Britain’s government must get parliamentary approval before starting the process of leaving the European Union, the Supreme Court ruling on Tuesday, potentially delaying Prime Minister Theresa May’s plans to trigger negotiations by the end of March.
The ruling forces the government to put a bill before Parliament, giving pro-EU politicians a chance to soften the terms of Brexit – Britain’s exit from the EU. “Leave” campaigners had objected, saying Parliament shouldn’t have the power to overrule the electorate, which voted to leave the bloc in a June 23 referendum.
May had said she would use centuries-old powers known as royal prerogative to invoke Article 50 of the EU treaty and launch two years of exit talks. The powers – traditionally held by the monarch – permit decisions about treaties and other issues to be made without a vote of Parliament.
“The referendum is of great political significance, but the act of Parliament which established it did not say what should happen as a result, so any change in the law to give effect to the referendum must be made in the only way permitted by the UK Constitution, namely by an act of Parliament,” the president of the Supreme Court David Neuberger said in reading the judgement.
“To proceed otherwise would be a breach of settled constitutional principles stretching back many centuries,” he said.
The case was considered the most important constitutional issue in a generation, clarifying who ultimately wields power in Britain’s system of government: the prime minister and her Cabinet, or Parliament.
Financial entrepreneur Gina Miller sued to force the government to seek Parliamentary approval before invoking Article 50. Leaving the EU will change the fundamental rights of citizens and this can’t be done without a vote of lawmakers, she argued.

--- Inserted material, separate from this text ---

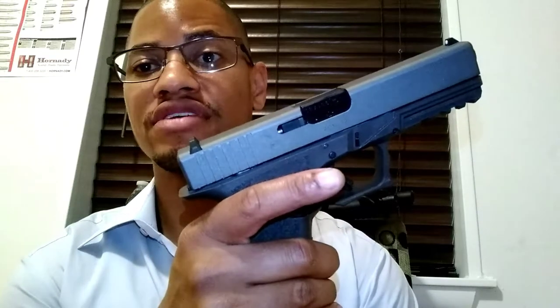I encourage you guys — while it's legal, and until the gun grabbers decide to try to make it illegal, even though it's legal for you to build your own firearm — go build an 80% lower. You can get them in a 940, 357 SIG. You can get it in Glock, like the full size, like a 17.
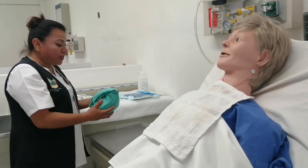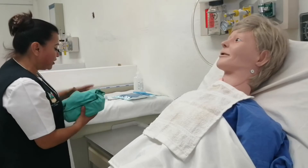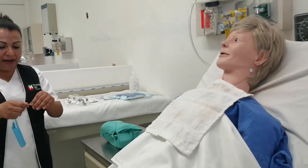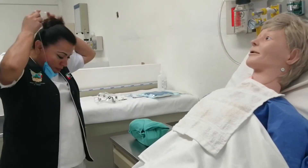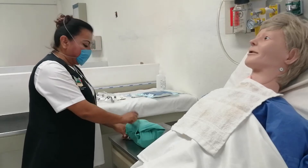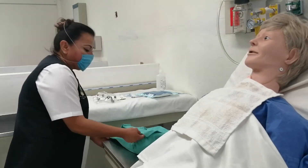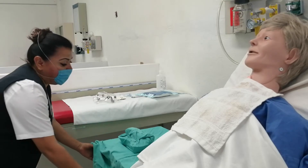El equipo tiene dos envolturas: una doble por fuera y una sencilla por dentro. La primera envoltura la podemos abrir de manera manual. Es muy importante que antes de eso nos pongamos el cubrebocas, porque al hablar podemos botar una gotita y contaminar el campo. Abrimos la primera envoltura respetando los principios de asepsia: primero la punta distal, luego la del lado izquierdo, con la mano derecha la punta enfrente, y jalamos hacia nosotros la última punta.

May had argued the referendum gave her a mandate to take Britain out of the 28-nation bloc and that discussing the details of her strategy with Parliament would weaken the government’s negotiating position.
The decision doesn’t mean that Britain will remain in the EU. But it could delay the process.
“Today’s result comes as a surprise to no one. Unfortunately for businesses and other institutions, Brexit still means uncertainty,” said Phillip Souta, head of U.K. public policy at Clifford Chance. “Parliament remains divided and the outcome of the negotiations remain unknown.”